Cette demeure est sertie dans un écrin de verdure où chaque feuille devient satin.


 
Nappes brodées et vin blanc carafé attendent les dames de la colline de Passy en ce jour de vernissage.


L’ampleur arrogante d’un chapeau fleuri, l’audace d’un regard fouetté de mascara donnent le ton.


Dans un frisson d’impatience, quelques mèches rousses, légères et folles, s’enroulent sur l’exquise distorsion d’une nuque.


La beauté exalte et délivre dans ce décor suranné.


 
Pour l’occasion, le bow-window sert d’écrin à deux chevalets : à gauche, une muse dont l’audacieuse tendresse à la commissure des lèvres invite à suivre son désir ; à droite, une amazone pétrie de grâce orientale.


 
Sous la verrière, bouffie de suffisance, une prétentieuse obèse transpire sous ses dentelles tandis qu’une coquette avec ses rangs de perles semble s’étourdir dans ce vertige d’apparences.


 
Un peu à l’écart de ce jeu de dupes, deux peintres devisent sur « Caresser et Mordre », deux mots calligraphiés sur l’en-tête de l’invitation, deux mots clef, sésame promis pour cette après-midi :
             Le premier, grand, mince, rouquin aux mains meurtries par les huiles et les pigments, toujours guidé par son refus d’allégeance, décrit le bleu dont il a habillé le Pont Mirabeau.

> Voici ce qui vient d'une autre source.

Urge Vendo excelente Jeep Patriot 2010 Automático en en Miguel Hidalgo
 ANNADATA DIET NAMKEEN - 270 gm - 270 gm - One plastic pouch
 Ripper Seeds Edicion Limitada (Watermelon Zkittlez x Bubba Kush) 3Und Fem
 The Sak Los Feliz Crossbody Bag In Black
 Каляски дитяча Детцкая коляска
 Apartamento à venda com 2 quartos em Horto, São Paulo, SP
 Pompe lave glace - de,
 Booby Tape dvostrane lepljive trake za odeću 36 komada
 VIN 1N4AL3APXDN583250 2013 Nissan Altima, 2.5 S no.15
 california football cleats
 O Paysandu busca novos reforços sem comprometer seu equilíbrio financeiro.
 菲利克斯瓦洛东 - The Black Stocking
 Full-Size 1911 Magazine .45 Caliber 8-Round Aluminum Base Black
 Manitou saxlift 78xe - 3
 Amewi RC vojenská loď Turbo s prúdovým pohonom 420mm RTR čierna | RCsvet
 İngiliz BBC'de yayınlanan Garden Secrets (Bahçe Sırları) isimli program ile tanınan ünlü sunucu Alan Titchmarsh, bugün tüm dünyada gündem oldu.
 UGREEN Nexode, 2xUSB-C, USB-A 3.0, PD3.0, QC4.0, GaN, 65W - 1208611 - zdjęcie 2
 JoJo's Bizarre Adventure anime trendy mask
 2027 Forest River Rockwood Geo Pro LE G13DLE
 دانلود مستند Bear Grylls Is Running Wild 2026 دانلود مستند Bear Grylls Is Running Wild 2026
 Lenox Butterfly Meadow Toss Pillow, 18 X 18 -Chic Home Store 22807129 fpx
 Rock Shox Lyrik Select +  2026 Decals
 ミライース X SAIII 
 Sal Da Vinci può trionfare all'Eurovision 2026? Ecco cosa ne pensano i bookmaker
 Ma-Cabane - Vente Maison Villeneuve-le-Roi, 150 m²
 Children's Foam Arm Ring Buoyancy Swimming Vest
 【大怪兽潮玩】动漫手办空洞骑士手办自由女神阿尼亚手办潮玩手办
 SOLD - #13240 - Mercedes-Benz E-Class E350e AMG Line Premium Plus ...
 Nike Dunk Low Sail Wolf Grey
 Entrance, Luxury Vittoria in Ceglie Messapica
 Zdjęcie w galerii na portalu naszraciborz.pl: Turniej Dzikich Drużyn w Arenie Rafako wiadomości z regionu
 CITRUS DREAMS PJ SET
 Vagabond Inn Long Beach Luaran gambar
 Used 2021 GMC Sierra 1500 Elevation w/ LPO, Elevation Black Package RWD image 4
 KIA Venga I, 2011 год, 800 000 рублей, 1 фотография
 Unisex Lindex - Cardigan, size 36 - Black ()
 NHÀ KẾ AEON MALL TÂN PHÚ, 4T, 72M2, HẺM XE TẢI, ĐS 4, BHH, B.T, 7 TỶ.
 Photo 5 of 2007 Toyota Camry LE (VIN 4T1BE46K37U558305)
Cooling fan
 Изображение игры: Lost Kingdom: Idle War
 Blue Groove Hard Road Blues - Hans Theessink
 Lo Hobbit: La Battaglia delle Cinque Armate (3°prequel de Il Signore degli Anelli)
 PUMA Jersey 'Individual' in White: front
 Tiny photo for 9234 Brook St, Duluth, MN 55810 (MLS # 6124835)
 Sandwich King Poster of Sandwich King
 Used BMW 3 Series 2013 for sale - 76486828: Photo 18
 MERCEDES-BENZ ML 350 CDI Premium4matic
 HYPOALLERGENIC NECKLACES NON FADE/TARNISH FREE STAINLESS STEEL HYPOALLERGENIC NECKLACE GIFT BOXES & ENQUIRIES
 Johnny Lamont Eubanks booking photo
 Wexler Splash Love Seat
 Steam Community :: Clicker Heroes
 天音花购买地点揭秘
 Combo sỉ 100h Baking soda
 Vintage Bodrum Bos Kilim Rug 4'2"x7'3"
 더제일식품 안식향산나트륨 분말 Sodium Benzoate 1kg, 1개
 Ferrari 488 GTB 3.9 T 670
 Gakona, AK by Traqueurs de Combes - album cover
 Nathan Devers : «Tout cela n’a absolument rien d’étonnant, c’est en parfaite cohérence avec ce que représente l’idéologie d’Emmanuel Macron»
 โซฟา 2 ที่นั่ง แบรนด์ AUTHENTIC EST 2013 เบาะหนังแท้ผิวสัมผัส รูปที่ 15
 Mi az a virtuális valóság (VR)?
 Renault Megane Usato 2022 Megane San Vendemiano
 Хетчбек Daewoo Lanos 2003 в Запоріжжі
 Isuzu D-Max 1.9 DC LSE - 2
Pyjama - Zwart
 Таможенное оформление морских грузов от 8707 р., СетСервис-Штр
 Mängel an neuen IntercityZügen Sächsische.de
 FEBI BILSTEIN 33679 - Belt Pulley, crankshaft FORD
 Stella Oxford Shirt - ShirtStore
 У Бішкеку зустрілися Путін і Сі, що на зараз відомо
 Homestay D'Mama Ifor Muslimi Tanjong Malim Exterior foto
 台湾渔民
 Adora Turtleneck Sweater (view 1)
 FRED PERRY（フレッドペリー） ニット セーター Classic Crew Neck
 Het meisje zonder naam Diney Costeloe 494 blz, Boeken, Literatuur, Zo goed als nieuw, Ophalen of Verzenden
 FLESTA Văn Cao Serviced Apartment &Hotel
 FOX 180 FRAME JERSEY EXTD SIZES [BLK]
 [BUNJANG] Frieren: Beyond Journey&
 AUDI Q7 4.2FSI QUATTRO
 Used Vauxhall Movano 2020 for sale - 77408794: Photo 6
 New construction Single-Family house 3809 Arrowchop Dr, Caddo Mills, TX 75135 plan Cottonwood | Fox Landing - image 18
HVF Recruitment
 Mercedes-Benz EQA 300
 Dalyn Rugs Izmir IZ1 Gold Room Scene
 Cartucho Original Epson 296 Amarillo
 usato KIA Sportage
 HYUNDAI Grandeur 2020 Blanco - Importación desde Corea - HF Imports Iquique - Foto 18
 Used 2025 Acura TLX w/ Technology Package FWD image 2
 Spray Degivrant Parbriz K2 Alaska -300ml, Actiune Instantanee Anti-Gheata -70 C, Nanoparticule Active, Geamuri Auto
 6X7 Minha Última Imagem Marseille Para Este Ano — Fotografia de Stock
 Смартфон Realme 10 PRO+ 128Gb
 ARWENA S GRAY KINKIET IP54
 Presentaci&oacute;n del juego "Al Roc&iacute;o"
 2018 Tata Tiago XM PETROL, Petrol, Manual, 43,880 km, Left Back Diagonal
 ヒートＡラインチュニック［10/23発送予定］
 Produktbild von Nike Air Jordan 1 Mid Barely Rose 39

             Le second, petit et râblé, cadogan rouge retenant une longue chevelure noire de jais, évoque sa quête de la couleur jaune, éclair qui éveille, lumière qui poudroie.


 
Une clochette tintinnabule plusieurs fois pour annoncer Tania, poétesse slave, égérie d’un Cercle lettré des bords de Seine.


Avec talent, elle déclame la magie de L’oiseau de feu, immortalisé par le faune, éternelle étoile androgyne.


Aux quatre coins du salon, les parfums enivrent comme la valse des roses de Chiraz, tandis que, ignorant un solitaire brillant de mille feux, s’échappe un sonnet de Musset.


Les regards caressants fusent de tous côtés.


D’un quatrain à un tercet, le désir ne s’éteint jamais.


 
Accompagnant ce besoin de beauté, le soleil descend.


 
Tout devient lilas, souffle de joie.


 
L’infini affleure ; rimes, lignes et couleurs brodent l’heure bleue.